Univariate and multivariate analyses indicated that tumor number, presence of metastasis and ALBI grade were significant prognostic factors of OS in patients treated with repeated SR or MWA. Although cancers graded Child–Pugh A after MWA have been reported previously to be associated with better survival in ICC patients with early recurrence, Child–Pugh grade was not a significant prognostic factor in our study. Similarly, the non-effect of CTP grade in our data may be due to subjective clinical assessment of ascites and hepatic enccephalopathy by different clinicians impacting results. Compared with repeated SR, MWA has the advantage of being less invasive and being associated with fewer complications. Nevertheless, two patients in our MWA group did develop liver abscesses. Yu et al. [Citation31] reported a high incidence of liver abscess in patients treated with MWA for intrahepatic metastatic cholangiocarcinoma with bilioenteric anastomosis. Further research is needed to determine how best to avoid this problem. Moreover, shorter hospital stays, surgical time, as well as less cost and estimated blood loss in US-PMWA treatment reflect the safety and efficacy of this minimal invasive method.

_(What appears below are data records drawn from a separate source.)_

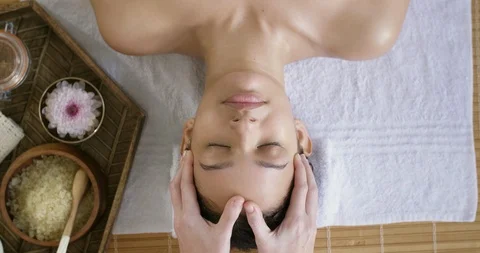 Relaxed mixed race woman at spa facial Stock Footage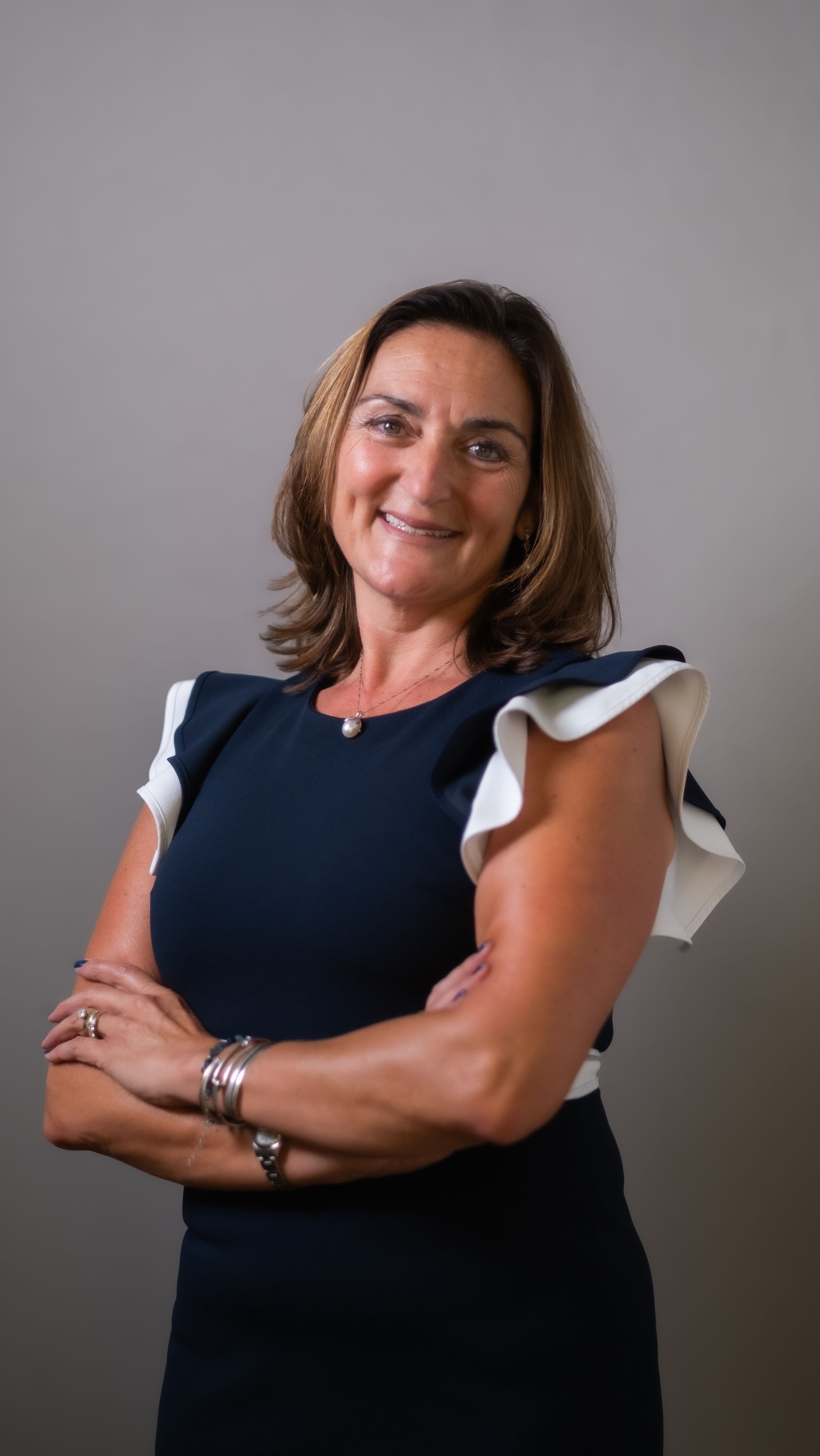 Woman with brown hair, smiling, wearing a black top and silver necklace, outdoors.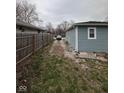 Exterior shot of the back yard with gravel driveway and wooden fence at 3240 Collier St, Indianapolis, IN 46221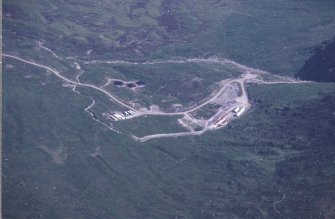 Oblique aerial view centred on the mine and buildings with farmstead adjacent, taken from the WSW.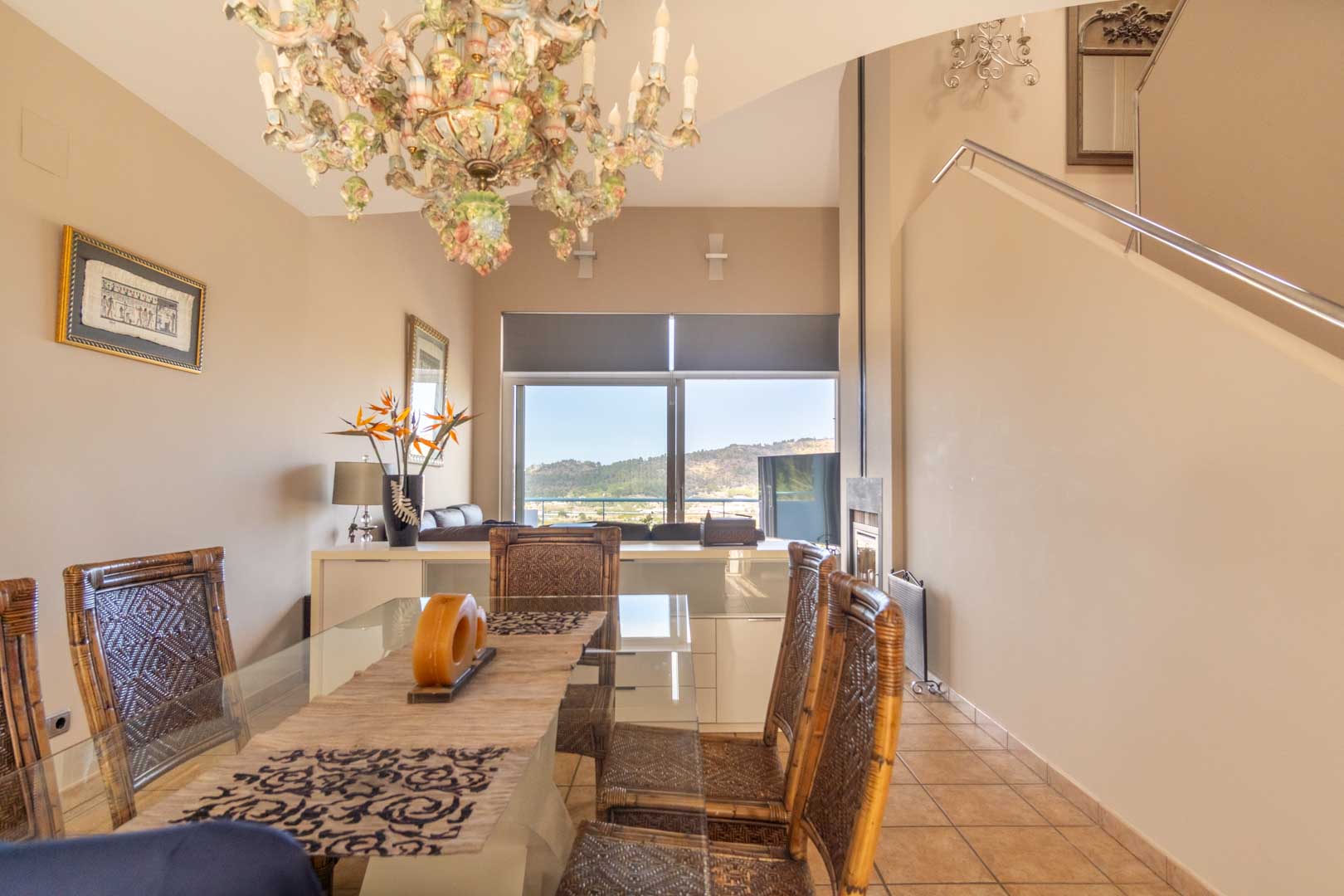 Dining area featuring a glass table and woven chairs, highlighted by an ornate chandelier and panoramic mountain views through large windows.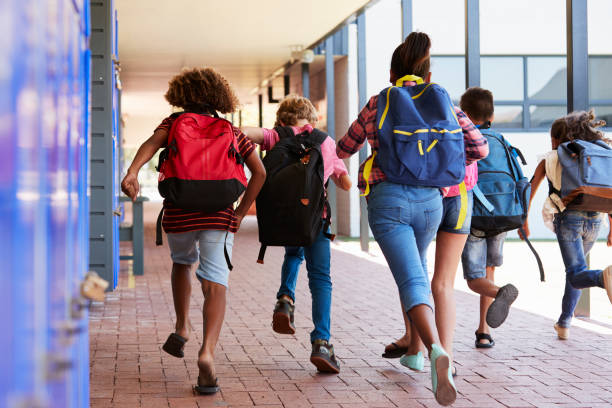 istock School kids running in elementary school hallway, back view 839325954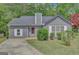 Charming single story home with a well-manicured lawn, beautiful landscaping, and a gray exterior at 322 Wood Rdg, Peachtree City, GA 30269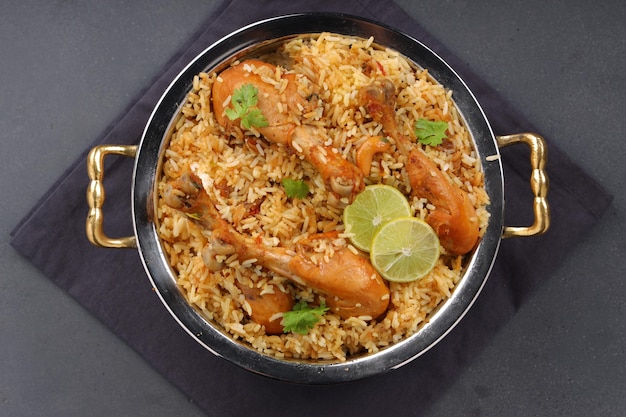 Dum poulet biriyani, image en gros plan du Kerala-Thalassery biriyani qui est mélangé avec du masala et de couleur jaune disposé dans un bol de service en cuivre et garni de tranches de citron placées sur du graphite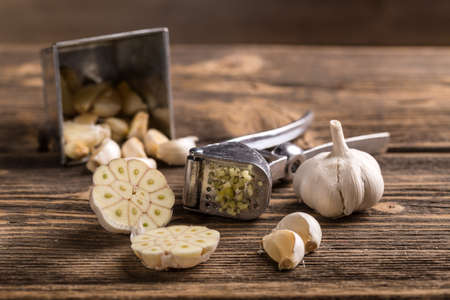 Garlic and garlic press on rustic wooden boardの写真素材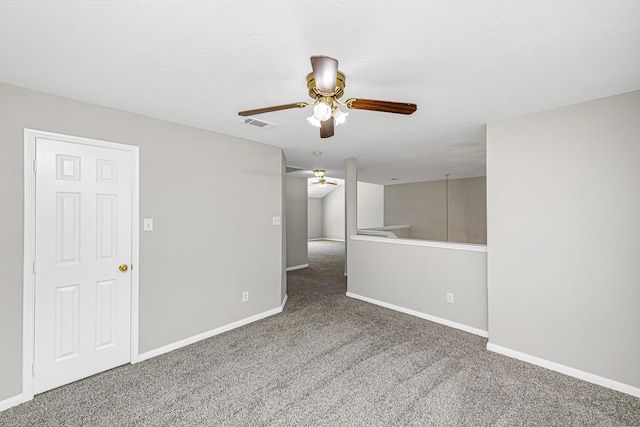 carpeted empty room featuring a ceiling fan, visible vents, and baseboards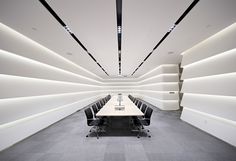 an empty conference room with long tables and chairs in the center is lit by recessed lighting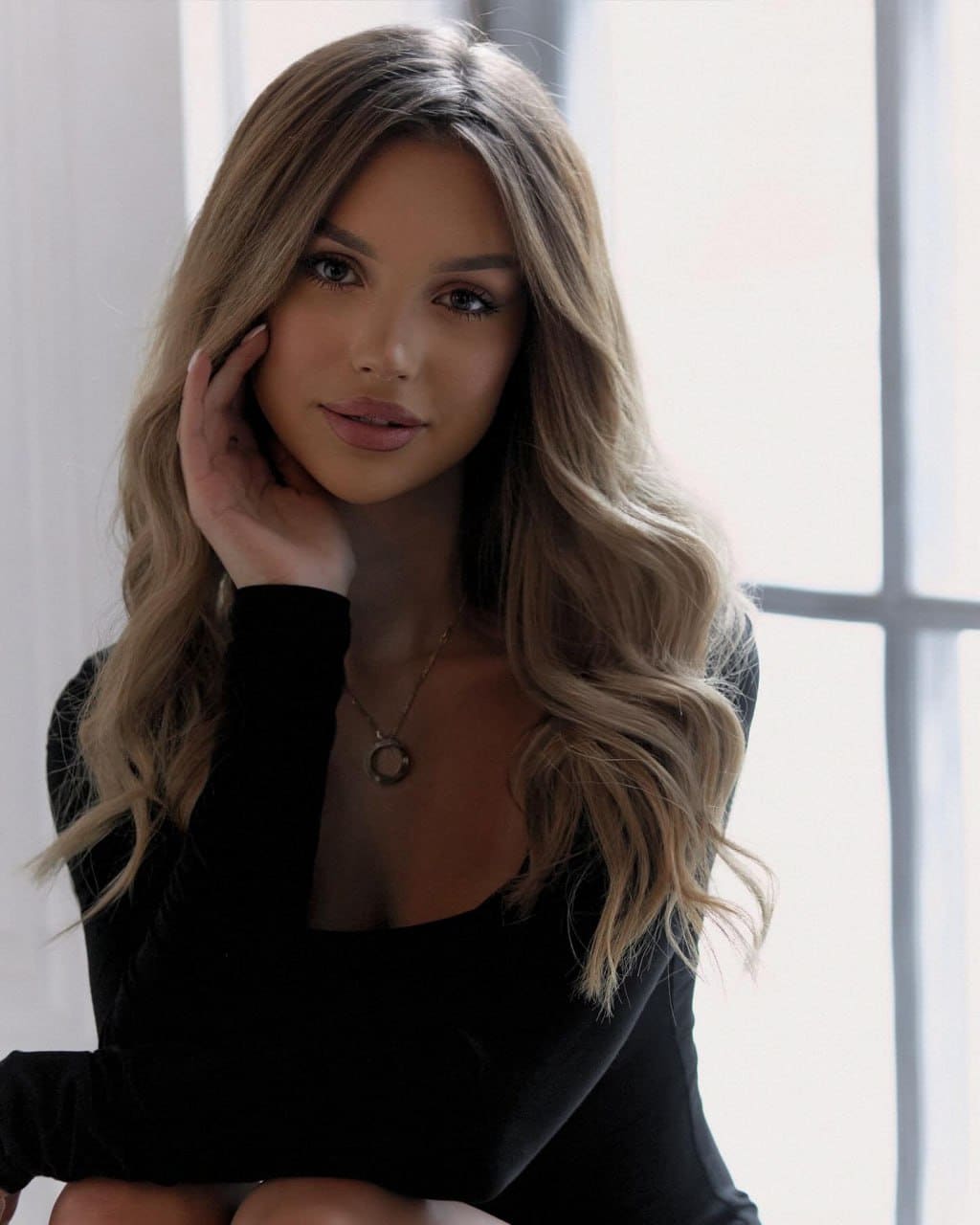 A blonde woman sits indoors near a window, wearing a black long-sleeved top with a deep neckline and a pendant necklace.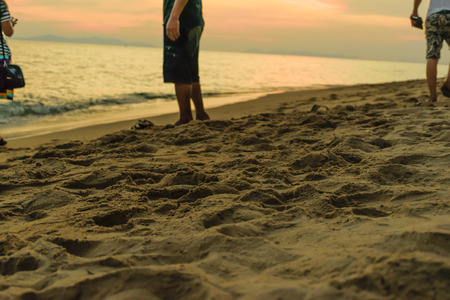 beach walk with sunset background,walk on sea beach on happy holidayの写真素材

Importantly, US-PMWA has more repeatability than SR.

There are several limitations to our study that should be noted. First, this is was single-center retrospective study with a relatively small sample size. Such a limitation might have reduced its statistical power in comparative analysis so that some associations were not detected. Second, the success of MWA was assessed by radiographic findings versus pathologic margin-free status. Therefore, despite intermediate follow-up being reported, it may have taken longer for radiographic techniques to detect MWA failures. Third, KPS score in the MWA group was lower than that in SR group and whether poor physical conditions affect prognosis requires further explore.

In conclusion, the present results indicate that US-PMWA has similar safety and efficacy as repeated SR. Both methods provide an effective treatment for recurrent ICC. US-PMWA should be preferred in any cases when the patients with liver function of ALBI grade 2.

Disclosure statement

No conflict of interest exits in the submission of this manuscript. The authors alone are responsible for the content and writing of the paper.

Additional information

Funding

This work was supported by the Project of Nanjing Medical Science and Technology Development Foundation [ZKX14029], China.